Image is my own / All rights reserved

Like the daffodils that optimistically start sprouting in my garden in January, year after year I make the mistake of thinking winter will end sooner than it really does. In my mind, Edinburgh in February is a smooth and increasingly salubrious downward slope into the warm and sunny days of spring; in reality, it inevitably remains a frozen hellscape whose lingering grimness makes it seem worse at times than any other part of winter. 

For this reason, I’m hanging on tightly to my winter duds for a few weeks yet. It isn’t just a question of practicality, though. This winter I found a cosy coat rotation I liked so much that I’m reluctant to pack them away at the end of the season. It comprises a tweed Balmacaan I got last winter, a vintage loden coat I bought back in college, and one of my most recent wardrobe additions in the form of an old clasp-closure fireman’s coat.

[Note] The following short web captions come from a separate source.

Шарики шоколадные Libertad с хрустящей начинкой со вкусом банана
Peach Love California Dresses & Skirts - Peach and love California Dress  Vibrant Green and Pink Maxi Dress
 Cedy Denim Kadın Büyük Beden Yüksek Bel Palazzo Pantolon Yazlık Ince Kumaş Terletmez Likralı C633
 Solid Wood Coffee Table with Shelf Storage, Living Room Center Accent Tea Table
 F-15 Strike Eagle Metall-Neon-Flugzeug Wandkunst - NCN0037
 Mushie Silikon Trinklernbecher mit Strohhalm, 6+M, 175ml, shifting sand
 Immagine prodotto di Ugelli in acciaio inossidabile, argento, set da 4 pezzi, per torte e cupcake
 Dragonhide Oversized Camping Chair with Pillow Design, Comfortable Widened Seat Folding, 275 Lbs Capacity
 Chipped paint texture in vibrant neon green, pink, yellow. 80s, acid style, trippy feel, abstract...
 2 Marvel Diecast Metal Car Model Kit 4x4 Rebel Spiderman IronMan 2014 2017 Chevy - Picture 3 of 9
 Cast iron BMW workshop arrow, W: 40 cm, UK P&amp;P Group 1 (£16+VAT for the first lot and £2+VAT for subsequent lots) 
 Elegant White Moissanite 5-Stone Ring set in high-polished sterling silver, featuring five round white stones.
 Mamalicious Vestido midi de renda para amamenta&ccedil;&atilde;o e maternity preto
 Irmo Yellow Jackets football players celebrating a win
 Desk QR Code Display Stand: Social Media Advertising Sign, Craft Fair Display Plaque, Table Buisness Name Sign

I found it at a local thrift store back during the height of summer only to sit around counting the days until it finally got cold enough to wear it. The jacket consists of a thermal liner combined with a worn red canvas exterior plus a tan corduroy collar and matching leather trimming at the arms. I bought it for a song, although based on its embroidered label it was once a bespoke commission by Fay. 

Image is my own / All rights reserved

If you’re already a fan of this style of coat — variously called fireman jackets, bunker or turnout coats, hook jackets, clasp-closure coats, or some similar iteration — you’ll likely have come across the name Fay before. This hardy design has been used by firemen for more than a century and brands including Polo and Engineered Garments have created their own versions of it over the years, but Fay is perhaps the name most widely associated with the style in fashion circles. 

The brand dates to the 1960s when a small concern based out of Maine created a jacket with four metal-plated hooks that proved popular among local fishermen and firefighters. The business was taken over in the 1980s by Diego and Andrea Della Valle who transformed it from a producer of technical garments in New England to one making workwear-inspired gear for Italian urbanites. The four-hook coat became known as the ‘4 Ganci’ (‘gancio’ being the Italian for ‘hook’) and it remains Fay’s flagship product today. 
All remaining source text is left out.